Vianne und Isabelle sind Schwestern. Seit dem Tod der Mutter leben sie nicht mehr bei ihrem Vater und habe sich auseinandergelebt. Die ältere Vianne hat früh geheiratet und ist Mutter, die junge Isabelle dagegen läuft aus jeder Schule davon, in der ihr Vater sie steckt. Als sie schließlich bei ihm in Paris bleiben will, bricht der Zweite Weltkrieg aus. Viannes Ehemann wird eingezogen und Isabelle soll sich in dem kleinen Dorf, wo ihre Schwester lebt, von dem Kriegsgeschehen fernhalten. Doch wie Vianne nur das Wohlergehen ihrer Tochter im Sinn hat, will Isabelle Großes. Sie schließt sich der Resistance an und verurteilt Vianne, bei der ein deutscher Soldat einquartiert wurde. Aber auch Viannes geduldiges Warten kennt sein Ende und schließlich finden beide Schwestern eigene Wege im Kriegsschrecken für das zu kämpfen, was ihnen wichtig ist – und beide müssen Schreckliches erleiden.
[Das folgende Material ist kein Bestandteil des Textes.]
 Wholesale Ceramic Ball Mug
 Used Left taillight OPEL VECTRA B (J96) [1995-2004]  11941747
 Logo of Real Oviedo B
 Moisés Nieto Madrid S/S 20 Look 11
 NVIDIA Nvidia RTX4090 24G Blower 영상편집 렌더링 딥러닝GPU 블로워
Eingebettet ist die Geschichte in die Rahmenhandlung Jahrzehnte nach den Erlebnissen des Krieges. In Amerika wird eine alte Frau von ihrem Sohn in eine Seniorenwohnung gebracht. Mit sich bringt sie die Erinnerung an einen Teil ihres Lebens, den er nicht kennt. Aufgeweckt wird diese durch einen Koffer, Bilder und nicht zuletzt die Einladung zu einer Ehrenveranstaltung in Paris. Einen Reiz des Romans macht es durchaus aus, zu rätseln, ob Vianne oder Isabelle diese gealterte Heldin ist. Aber auch das Ende des Romans, das sich in der Rahmenhandlung findet, birgt seinen Vorteil. Ein Ende, auf das gewartet werden musste, kein ganz gutes, aber auch kein schlechtes.
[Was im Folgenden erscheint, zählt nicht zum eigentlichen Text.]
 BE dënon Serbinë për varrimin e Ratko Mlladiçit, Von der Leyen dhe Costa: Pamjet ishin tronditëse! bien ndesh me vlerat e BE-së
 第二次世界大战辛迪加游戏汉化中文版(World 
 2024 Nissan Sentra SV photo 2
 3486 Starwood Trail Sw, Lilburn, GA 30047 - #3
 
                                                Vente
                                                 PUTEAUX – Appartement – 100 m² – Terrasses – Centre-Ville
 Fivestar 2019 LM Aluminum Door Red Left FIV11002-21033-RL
Die Etappen des Romans ziehen sich über den Kriegsanfang und die Besetzung Frankreichs bis zum Abzug der Nazis und der Heimkehr der in Deutschland Inhaftierten. Dabei entwickeln sich Isabelle und Vianne auf unterschiedliche Art und Weise und doch werden beide zu starken Frauen. Aktive Protagonistinnen, deren Persönlichkeiten dem Buch Leben geben. Isabelle, die impulsive, starke, spontane und eigenwillige Heldin, die sofort die Möglichkeit ergreift, ETWAS zu tun. Und Vianne, die Mutter, die vernünftige, überlegende Frau. Beide haben ihre Grenzen und Kräfte, ihre Waffen und Möglichkeiten. Beide stehen an verschiedenen Fronten der gleichen Seite.
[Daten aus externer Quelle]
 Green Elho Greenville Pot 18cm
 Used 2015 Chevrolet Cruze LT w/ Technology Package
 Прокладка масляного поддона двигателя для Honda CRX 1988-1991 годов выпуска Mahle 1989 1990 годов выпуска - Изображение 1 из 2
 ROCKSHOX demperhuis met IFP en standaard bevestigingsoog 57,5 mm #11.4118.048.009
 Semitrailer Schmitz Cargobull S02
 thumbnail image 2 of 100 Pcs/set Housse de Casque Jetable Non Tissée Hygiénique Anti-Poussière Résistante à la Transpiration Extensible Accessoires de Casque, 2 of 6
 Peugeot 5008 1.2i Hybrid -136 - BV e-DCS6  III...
Während Isabelle dabei gerade zu Anfang das Mädchen symbolisiert, das sich im Laufe der Handlung zu einer starken Frau, Geliebten und Kämpferin entwickelt, ist Vianne „die Mutter“. Sie arbeitet für ihre Tochter und es ist diese Mütterlichkeit, die sie zuletzt zur Heldin des Romans macht. Denn wo Isabelle immer genau das sein wollte, ihren Kampfgeist also aus der Geschichte zieht, die eines Tages von ihr erzählt werden soll, ist es Vianne, die erzählen wird. Vianne, die eigentlich nur behütet sein wollte, die nur im Sinn hatte zu leben und leben zu lassen. Immer wieder opfert sie sich dabei so sehr auf, dass es fast unverständlich wirkt und doch realistisch. Sie stellt die Vernunft fast immer über ihre Gefühle, auch wenn sie dabei leiden muss.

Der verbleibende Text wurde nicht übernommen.